**TASK DIRECTIONS**
From the line that includes "404 Cosplay Not Found Crewneck Sweatshirt" to the last line of the data, quote each line precisely; both boundary lines belong in the answer.

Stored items
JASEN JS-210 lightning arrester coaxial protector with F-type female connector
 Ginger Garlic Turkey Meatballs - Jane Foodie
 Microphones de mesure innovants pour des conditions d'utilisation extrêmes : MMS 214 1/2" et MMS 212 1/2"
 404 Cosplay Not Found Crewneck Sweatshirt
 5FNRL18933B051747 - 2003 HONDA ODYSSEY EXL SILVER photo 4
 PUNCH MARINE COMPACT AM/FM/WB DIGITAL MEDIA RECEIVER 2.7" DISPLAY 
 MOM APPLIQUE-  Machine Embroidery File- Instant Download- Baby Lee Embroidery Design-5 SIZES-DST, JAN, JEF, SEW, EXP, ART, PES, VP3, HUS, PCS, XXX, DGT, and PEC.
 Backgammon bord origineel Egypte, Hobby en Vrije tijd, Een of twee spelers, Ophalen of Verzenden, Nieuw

**ANSWER BELOW**
 404 Cosplay Not Found Crewneck Sweatshirt
 5FNRL18933B051747 - 2003 HONDA ODYSSEY EXL SILVER photo 4
 PUNCH MARINE COMPACT AM/FM/WB DIGITAL MEDIA RECEIVER 2.7" DISPLAY 
 MOM APPLIQUE-  Machine Embroidery File- Instant Download- Baby Lee Embroidery Design-5 SIZES-DST, JAN, JEF, SEW, EXP, ART, PES, VP3, HUS, PCS, XXX, DGT, and PEC.
 Backgammon bord origineel Egypte, Hobby en Vrije tijd, Een of twee spelers, Ophalen of Verzenden, Nieuw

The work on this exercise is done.